* [WORK REQUIRED] The answer is all of the data repeated exactly, with each picture omitted.

* [EXERCISE DATA]
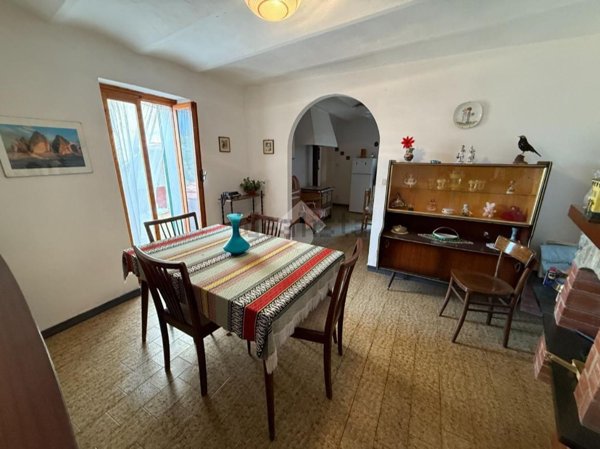 casa indipendente in vendita a Ceva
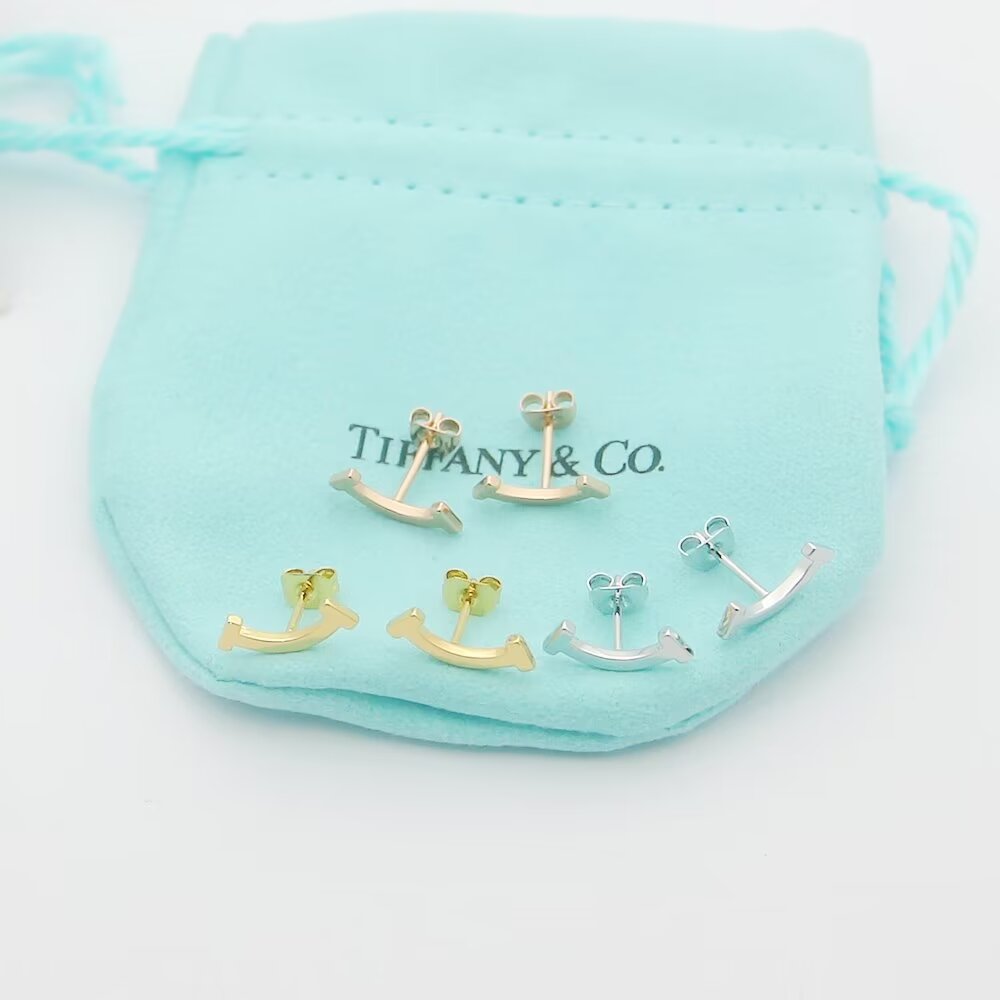 Tiffany & Co. Tiffany T Smile Earring - DopestKickz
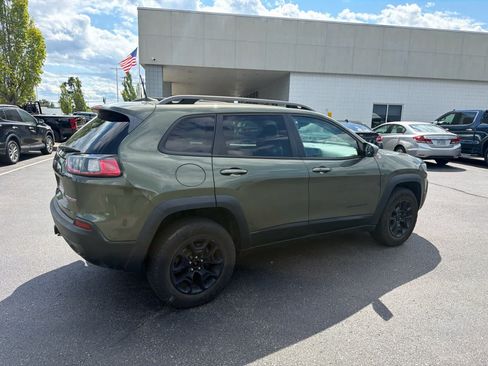 Used 2021 Jeep Cherokee Trailhawk w/ Trailer Tow Group AWD/4WD image 4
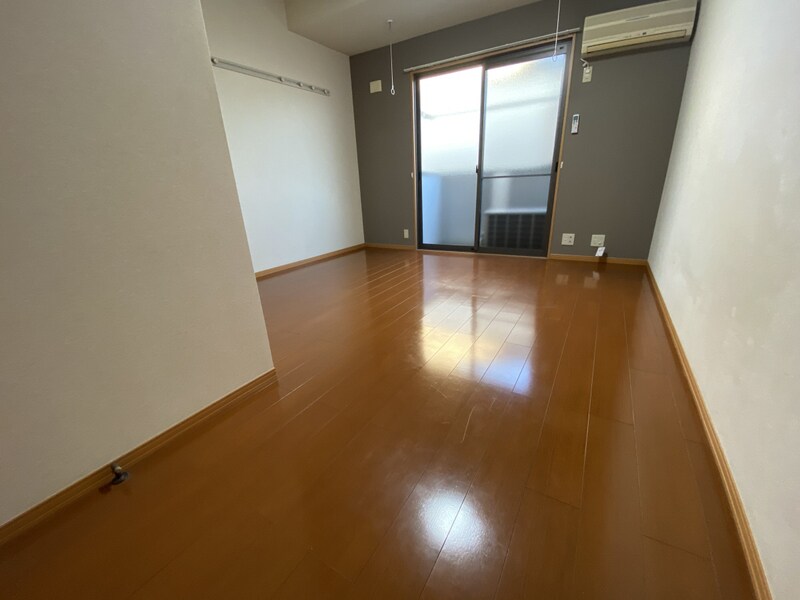 クレセントコートの物件内観写真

* [EXERCISE SOLUTION]
 casa indipendente in vendita a Ceva
 Tiffany & Co. Tiffany T Smile Earring - DopestKickz
 Used 2021 Jeep Cherokee Trailhawk w/ Trailer Tow Group AWD/4WD image 4
 クレセントコートの物件内観写真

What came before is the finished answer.